======== Record set ========

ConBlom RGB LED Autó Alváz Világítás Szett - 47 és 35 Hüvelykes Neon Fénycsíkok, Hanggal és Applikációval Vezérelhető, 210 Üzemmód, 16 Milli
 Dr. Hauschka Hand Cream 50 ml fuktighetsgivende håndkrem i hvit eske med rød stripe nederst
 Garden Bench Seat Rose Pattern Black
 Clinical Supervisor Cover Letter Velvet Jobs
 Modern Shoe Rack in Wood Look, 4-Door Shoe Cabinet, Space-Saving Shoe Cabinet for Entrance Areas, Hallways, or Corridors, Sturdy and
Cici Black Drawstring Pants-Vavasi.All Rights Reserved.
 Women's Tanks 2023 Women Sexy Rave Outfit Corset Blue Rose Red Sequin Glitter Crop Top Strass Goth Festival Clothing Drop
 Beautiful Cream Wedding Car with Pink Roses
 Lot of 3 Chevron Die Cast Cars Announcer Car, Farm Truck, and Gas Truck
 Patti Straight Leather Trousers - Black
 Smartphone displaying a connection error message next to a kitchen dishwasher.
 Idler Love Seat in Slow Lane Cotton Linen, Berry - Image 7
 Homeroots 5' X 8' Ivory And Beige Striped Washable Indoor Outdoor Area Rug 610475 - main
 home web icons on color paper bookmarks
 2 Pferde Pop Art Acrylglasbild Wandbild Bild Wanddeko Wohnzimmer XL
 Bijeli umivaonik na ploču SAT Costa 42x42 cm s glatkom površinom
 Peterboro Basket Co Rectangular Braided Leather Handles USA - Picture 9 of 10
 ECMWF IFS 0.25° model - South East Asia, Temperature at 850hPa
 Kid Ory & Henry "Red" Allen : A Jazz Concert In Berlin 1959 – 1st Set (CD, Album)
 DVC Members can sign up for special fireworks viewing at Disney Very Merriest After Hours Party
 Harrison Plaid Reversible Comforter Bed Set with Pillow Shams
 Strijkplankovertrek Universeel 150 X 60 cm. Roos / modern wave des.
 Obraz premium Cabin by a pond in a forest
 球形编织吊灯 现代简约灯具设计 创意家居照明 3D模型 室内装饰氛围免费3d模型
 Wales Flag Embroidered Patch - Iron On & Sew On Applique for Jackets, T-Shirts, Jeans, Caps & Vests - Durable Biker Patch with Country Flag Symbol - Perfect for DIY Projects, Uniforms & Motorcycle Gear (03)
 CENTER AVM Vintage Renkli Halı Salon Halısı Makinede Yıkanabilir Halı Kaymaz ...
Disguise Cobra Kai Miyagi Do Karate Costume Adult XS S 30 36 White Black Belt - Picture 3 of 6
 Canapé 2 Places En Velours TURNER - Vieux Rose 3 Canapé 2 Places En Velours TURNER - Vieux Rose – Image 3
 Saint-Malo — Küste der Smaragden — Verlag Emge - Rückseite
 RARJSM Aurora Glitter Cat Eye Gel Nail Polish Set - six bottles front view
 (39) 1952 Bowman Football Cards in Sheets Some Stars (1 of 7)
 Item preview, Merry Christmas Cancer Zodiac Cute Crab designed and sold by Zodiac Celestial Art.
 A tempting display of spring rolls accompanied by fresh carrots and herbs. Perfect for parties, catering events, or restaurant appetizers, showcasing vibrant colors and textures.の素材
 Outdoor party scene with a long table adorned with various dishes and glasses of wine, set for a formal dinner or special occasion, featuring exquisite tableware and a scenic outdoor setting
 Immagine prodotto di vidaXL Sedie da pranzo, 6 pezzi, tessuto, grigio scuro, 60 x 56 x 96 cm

========

• [Exercise requirements] Each line containing the word "Picture" must be pulled from the listing and copied.

• [Exercise answer]
 Peterboro Basket Co Rectangular Braided Leather Handles USA - Picture 9 of 10
Disguise Cobra Kai Miyagi Do Karate Costume Adult XS S 30 36 White Black Belt - Picture 3 of 6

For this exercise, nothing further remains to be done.